La situation actuelle de la dette africaine est le produit d'une histoire complexe, marquée par plusieurs cycles d'endettement et de désendettement. Pour comprendre comment on en est arrivé là, un retour en arrière est nécessaire. Après les indépendances dans les années 1960, de nombreux États africains ont eu recours à l'emprunt pour financer leur développement et la construction de leurs infrastructures. Cette première vague d'endettement a été encouragée par l'abondance de liquidités sur les marchés financiers internationaux, notamment les "pétrodollars".

Cependant, les chocs pétroliers des années 1970, la hausse des taux d'intérêt américains au début des années 1980 et la chute des prix des matières premières ont plongé le continent dans une grave crise de la dette. C'est à cette période que le Fonds Monétaire International (FMI) et la Banque mondiale ont mis en place les fameux Programmes d'Ajustement Structurel (PAS), qui conditionnaient l'aide financière à des réformes économiques drastiques : privatisation, libéralisation, et coupes dans les dépenses publiques. Ces politiques, bien que visant à restaurer la solvabilité des États, ont eu des coûts sociaux très élevés et ont laissé des traces profondes dans les mémoires collectives.

Une décennie plus tard, face à l'échec social des PAS et au fardeau insoutenable de la dette, la communauté internationale a lancé l'initiative "Pays Pauvres Très Endettés" (PPTE) en 1996, complétée par l'Initiative d'Allègement de la Dette Multilatérale (IADM) en 2005. Ces programmes ont permis d'annuler une part significative de la dette de plusieurs dizaines de pays africains, ramenant le ratio d'endettement moyen du continent à un niveau historiquement bas, autour de 30 % du PIB au début des années 2010 [5].

Cette période d'accalmie a cependant été de courte durée. Profitant de taux d'intérêt mondiaux très bas après la crise financière de 2008 et d'un appétit renouvelé des investisseurs pour les marchés émergents, de nombreux pays africains sont retournés sur les marchés financiers internationaux, émettant des euro-obligations. La composition de la dette a alors changé radicalement. Alors que la dette était majoritairement détenue par des créanciers publics (États, FMI, Banque mondiale) via le Club de Paris, une part croissante est désormais détenue par des créanciers privés (banques, fonds d'investissement) et de nouveaux créanciers publics comme la Chine. Cette diversification des créanciers a rendu la coordination pour la restructuration de la dette beaucoup plus complexe, comme l'a montré la lenteur des négociations pour la Zambie ou le Ghana dans le cadre du "Cadre Commun" du G20, successeur des initiatives PPTE/IADM [6]. La pandémie de Covid-19 et la guerre en Ukraine n'ont fait qu'exacerber les vulnérabilités, en augmentant les besoins de financement et en provoquant une nouvelle hausse des taux d'intérêt mondiaux.

Le ratio dette/PIB masque le vrai problème : le coût de l'emprunt et le risque de change

Se focaliser uniquement sur le ratio dette/PIB, bien qu'utile, offre une vision incomplète et parfois trompeuse de la soutenabilité de la dette africaine. Le véritable enjeu réside moins dans le volume global de la dette que dans sa composition et son coût, deux facteurs qui ont radicalement changé au cours de la dernière décennie et qui constituent le cœur du problème pour de nombreux pays.

Une part croissante de la dette africaine est désormais libellée en devises étrangères, principalement en dollars américains.
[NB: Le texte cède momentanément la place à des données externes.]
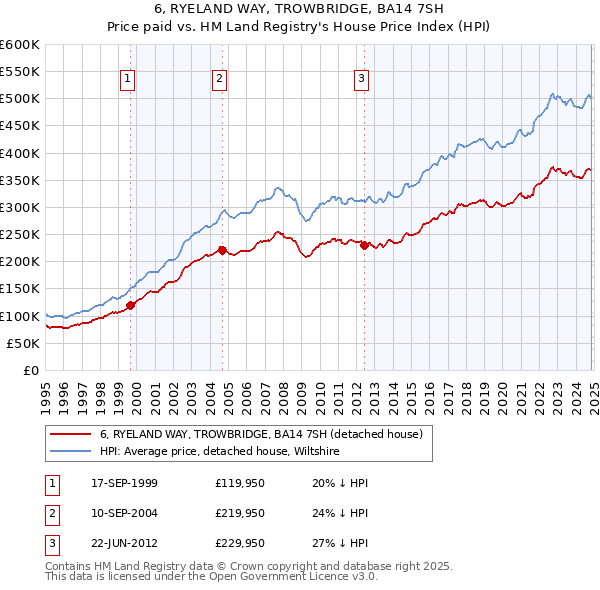 6, RYELAND WAY, TROWBRIDGE, BA14 7SH: Price paid vs HM Land Registry's House Price Index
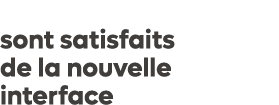 64 % des locataires sont satisfaits de la nouvelle interface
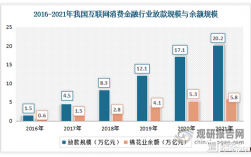 金融行业的销售，都卖些什么产品？2017消费项目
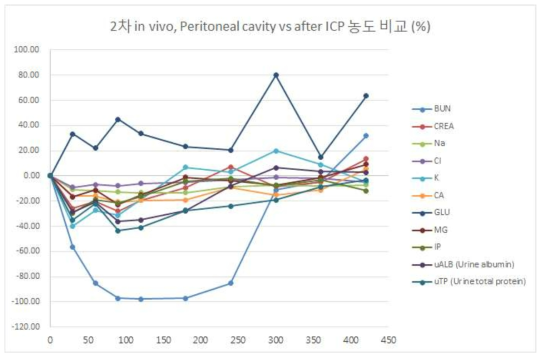 2차 in vivo 실험에서 복강과 ICP 통과 직후의 용질의 감소율 변화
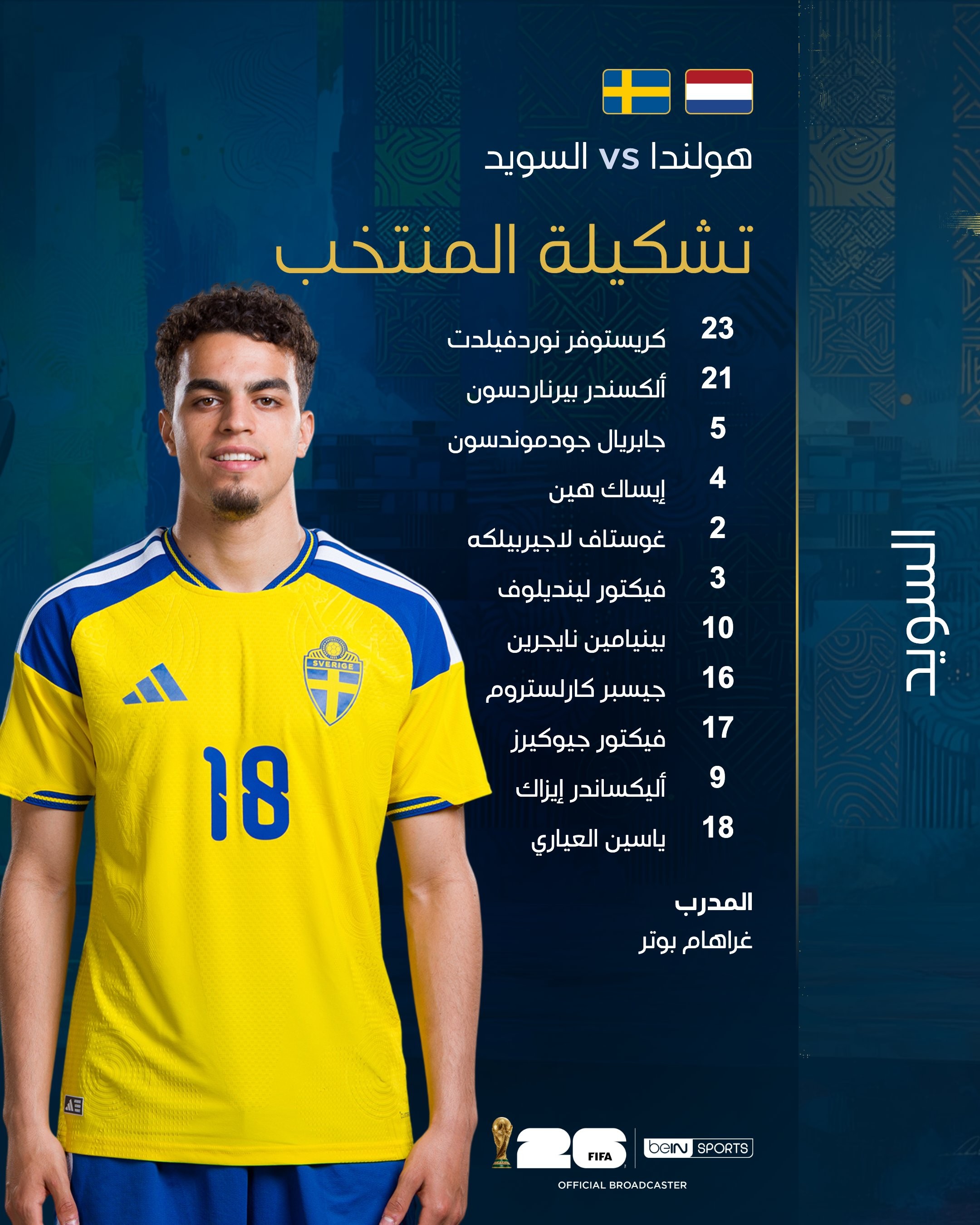 تشكيلة السويد.jfif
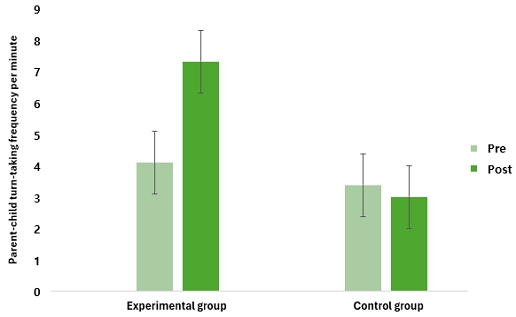 Figure 5. Figure 5.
Cette "dollarisation" de la dette expose les économies africaines à un risque de change majeur. Toute dépréciation de la monnaie locale face au dollar augmente mécaniquement le poids du service de la dette (le paiement des intérêts et du principal) en monnaie locale, même si le montant en dollars reste le même. Ce phénomène a été particulièrement douloureux pour des pays comme le Ghana ou le Nigeria, dont les monnaies ont fortement chuté ces dernières années.
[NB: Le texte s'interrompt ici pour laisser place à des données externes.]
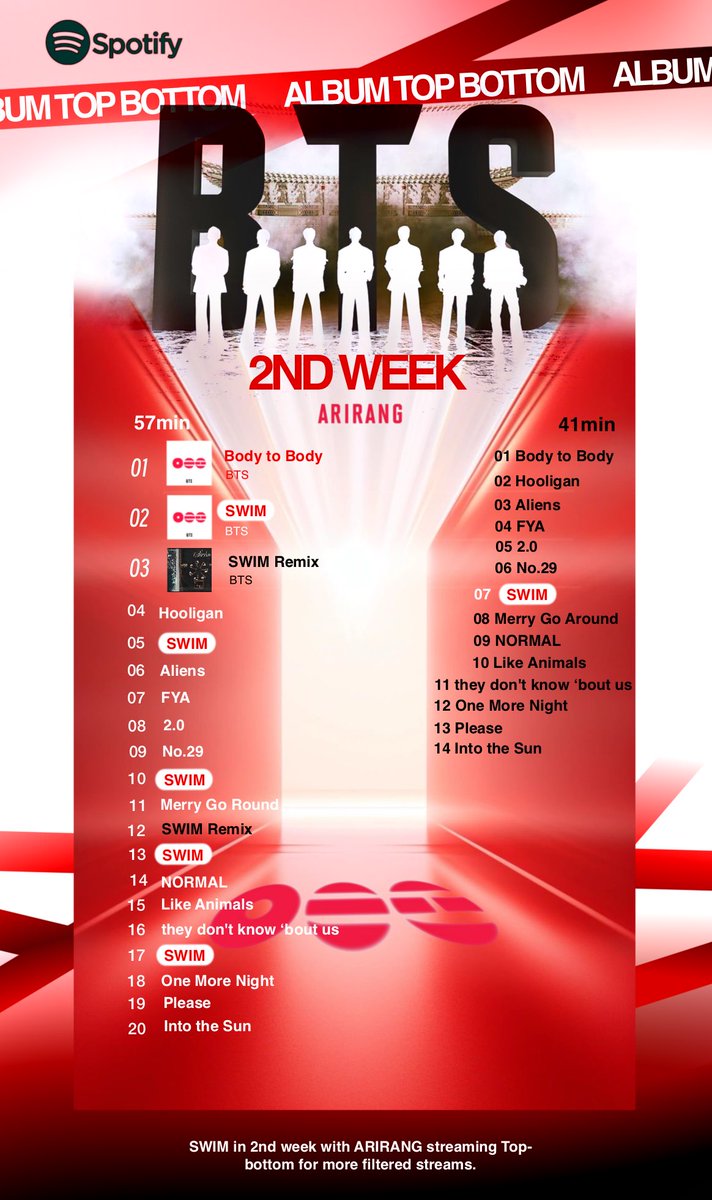 BTS Data Archive tweet media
Plus problématique encore est le coût de l'emprunt. Les pays africains paient systématiquement des taux d'intérêt plus élevés que les pays développés, même lorsque leurs fondamentaux économiques sont solides. Cette "prime de risque Afrique" est en partie alimentée par les perceptions et les méthodologies des agences de notation internationales (Moody's, S&P, Fitch). Plusieurs études, notamment du Programme des Nations Unies pour le Développement (PNUD), ont dénoncé un "biais de perception" qui coûterait aux pays africains des milliards de dollars en surcoûts d'intérêts. Ces agences sont critiquées pour leur manque de transparence, leur réactivité parfois tardive aux améliorations économiques et leur tendance à appliquer une prime de risque quasi-systématique au continent, sans différencier suffisamment les situations nationales. Une seule dégradation de la note d'un pays peut déclencher une fuite des capitaux et rendre le refinancement de sa dette sur les marchés quasi impossible ou prohibitif.
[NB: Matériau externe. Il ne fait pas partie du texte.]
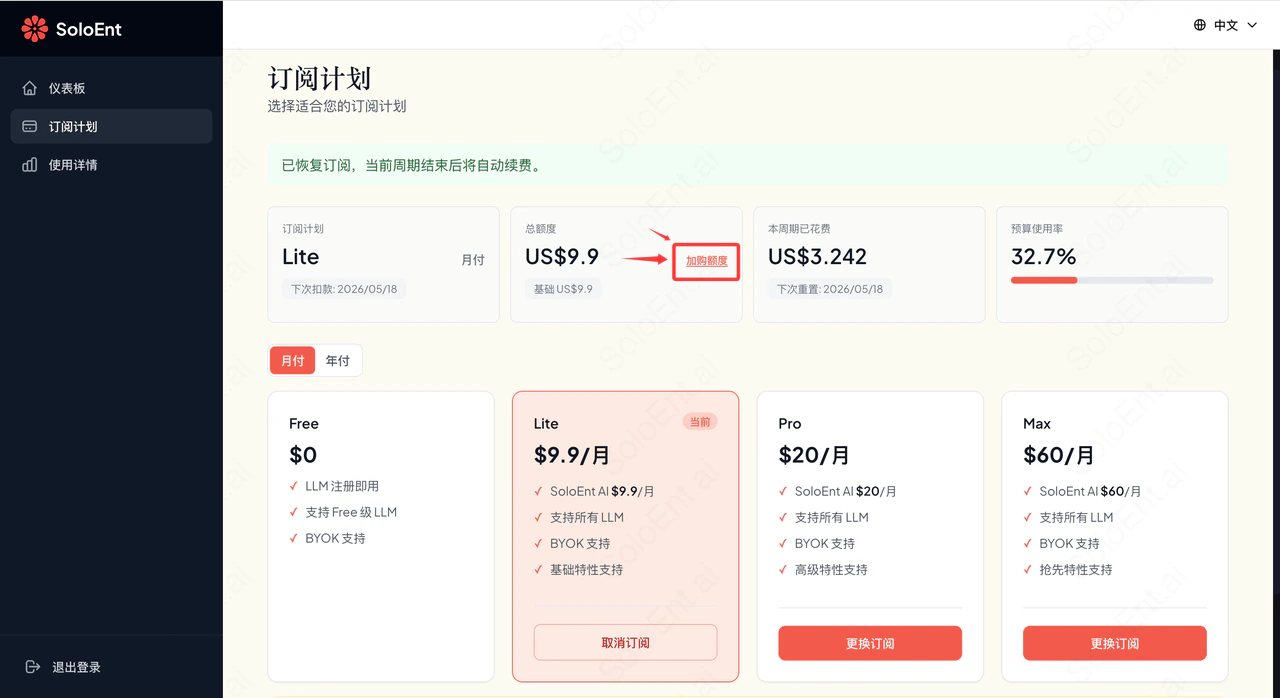 Unlimited top-up credits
Enfin, les données sur la dette ne capturent pas toujours l'intégralité des engagements financiers d'un État. Les dettes des entreprises publiques, les partenariats public-privé (PPP) ou encore les prêts garantis par l'État ne sont pas toujours inclus dans les statistiques de la dette publique, créant des risques budgétaires cachés. La Chine, devenue un créancier majeur, a également une pratique de prêts souvent opaques, avec des clauses de confidentialité qui rendent difficile une évaluation précise de l'endettement total de certains pays.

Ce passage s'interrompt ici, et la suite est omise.